I need to count the number of consecutive occurences where hole_in_one
equals one in a very large dataset. As I cannot iterate I'm not sure how to approach this problem. Some more background info ...
I'm working with an very large dataset (> 1e9 rows), which basically contains the following:
| user_id | timestamp | hole_in_one |
+---------+-----------+-------------+
| 100 | 1000 | 0 |
| 100 | 1100 | 0 |
| 100 | 1204 | 1 |
| 100 | 3000 | 1 |
| 100 | 4000 | 1 |
| 200 | 1001 | 0 |
| 200 | 2000 | 0 |
| 200 | 3000 | 1 |
| 200 | 4000 | 0 |
...
This data is stored in a .csv file, I'm using the python datatable library to read in this data.
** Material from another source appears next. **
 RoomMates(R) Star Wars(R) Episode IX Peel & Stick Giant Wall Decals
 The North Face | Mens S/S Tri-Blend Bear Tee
train_df = dt.fread("data.csv")
To the dataset I want to add a column which counts the number of consecutive hole_in_one occurences (count_streak) for each user. E.g.:
| user_id | timestamp | hole_in_one | count_streak |
+---------+-----------+-------------+--------------+
| 100 | 1000 | 0 | 0
| 100 | 1100 | 0 | 0
| 100 | 1204 | 1 | 0
| 100 | 3000 | 1 | 1
| 100 | 4000 | 1 | 2
| 200 | 1001 | 1 | 0
| 200 | 2000 | 0 | 0
| 200 | 3000 | 1 | 0
| 200 | 4000 | 0 | 0
...
I know how to do basic operations (without iterating), e.g. filtering data, summing values etc. adding a column and such (note: datatable is similar to R programming language). However as I'm dealing with a very large dataset, I cannot simply iterate over the rows to count the number of consecutive hole_in_one occurences, I'm fine with using any available python library however I believe datatable should be fit for this problem. Hopefully someboby can point me in the right direction on how to deal with this problem.